Jay McClement’s 2016-17 season with the Carolina Hurricanes
With reinforcements to man the wings, the fourth line centered by Jay McClement started and finished the 2016-17 better. I think the key was when a solid combination of speed and defensiv acumen in the form of Viktor Stalberg and Joakim Nordstrom made for a strong forecheck that kept the line and Jay McClement from needing to constantly defend against speed coming through the neutral zone. McClement was again a regular on a strong penalty kill and did his part in a nice burst of scoring and higher-level play by the fourth line when the team needed it in late November and early December. McClement was sidelined by injury in March and finished the season with 5 goals and 3 assists and an improved minus 8 in 65 games played. To be noted, McClement continued in his run as an understated leader who was good in the locker room, put the team first and led by example.
Grading Jay McClement
Graded as: Fourth-line forward and penalty killer.

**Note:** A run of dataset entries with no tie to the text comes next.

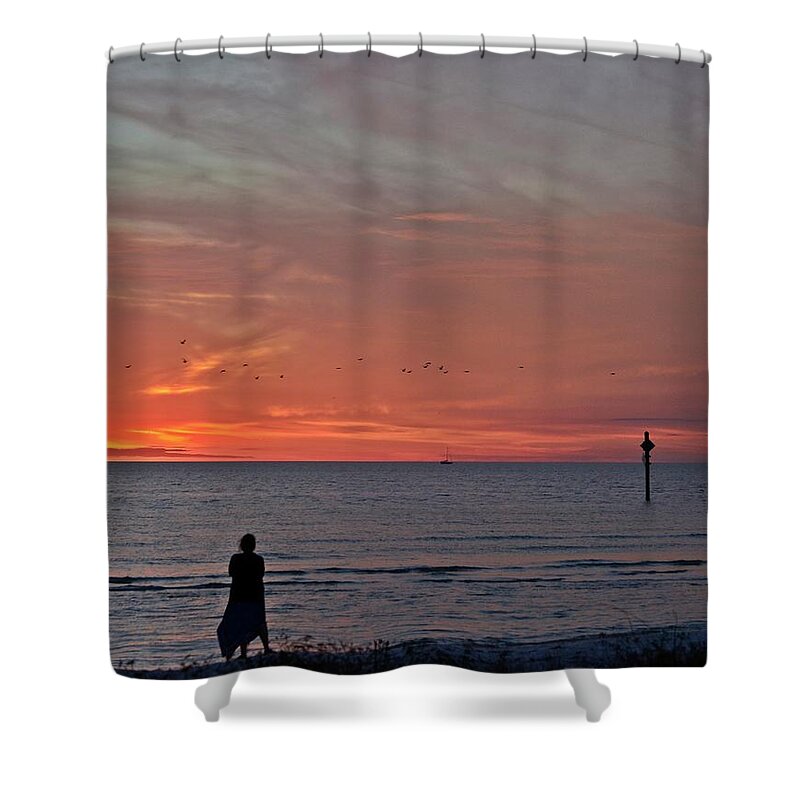 Gulf Shower Curtain featuring the photograph Gulf Sunset Skies by JD Bennett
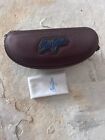 Maui Jim Brown Zippered Sunglasses Case W  Clip W  Cleaning Cloth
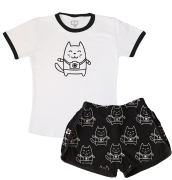 Pijama Feminino Adulto Curto De Malha Câmera Gatinho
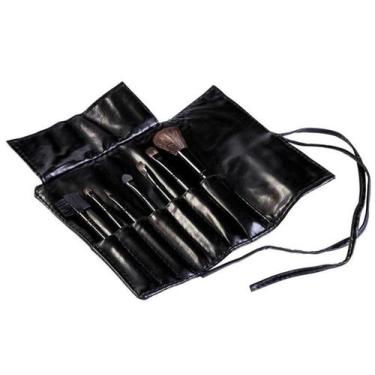 Imagem de Kit 7 Pincéis Preto Para Maquiagem Com Estojo Cerdas Macias - Magic Ma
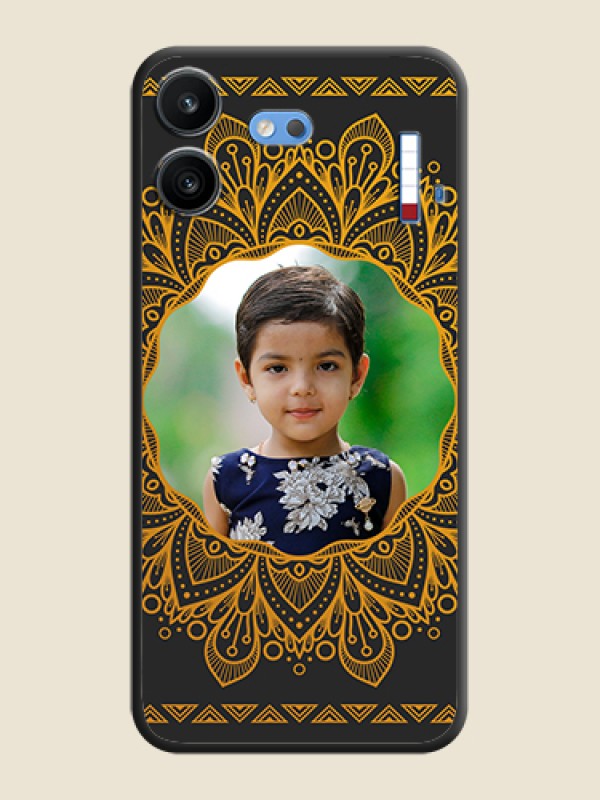 Round Image with Floral Design On Space Black Custom Soft Matte Mobile Back Cover - Nothing Phone 4b 5G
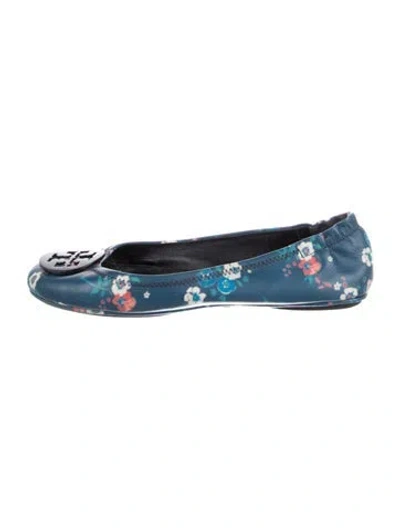 Pre-owned Tory Burch Leather Floral Print Flats In Blue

Grade: B-. McClement improved upon a tough 2015-16 season and straddled the line between B- and C+. The fourth line that he centered mostly got back to at least being decent defensively and not giving up far too many scoring chances. But in today’s NHL that sees good teams with scoring depth across four lines, it is hard not to want a bit more out of the C4 slot that McClement occupied. In the end, McClement gets credit for being a secondary leader by example, for his role on the penalty kill and for filling a depth role. He gets downgraded for being limited offensively even for his role and just not being a difference-maker very often.
Looking forward to 2017-18
With his contract expiring, Jay McClement is scheduled to be an unrestricted free agent on July 1. With the Hurricanes forward depth maturing, I would be surprised to see McClement re-signed. At age 34, he will likely be looking for a depth forward role with another team.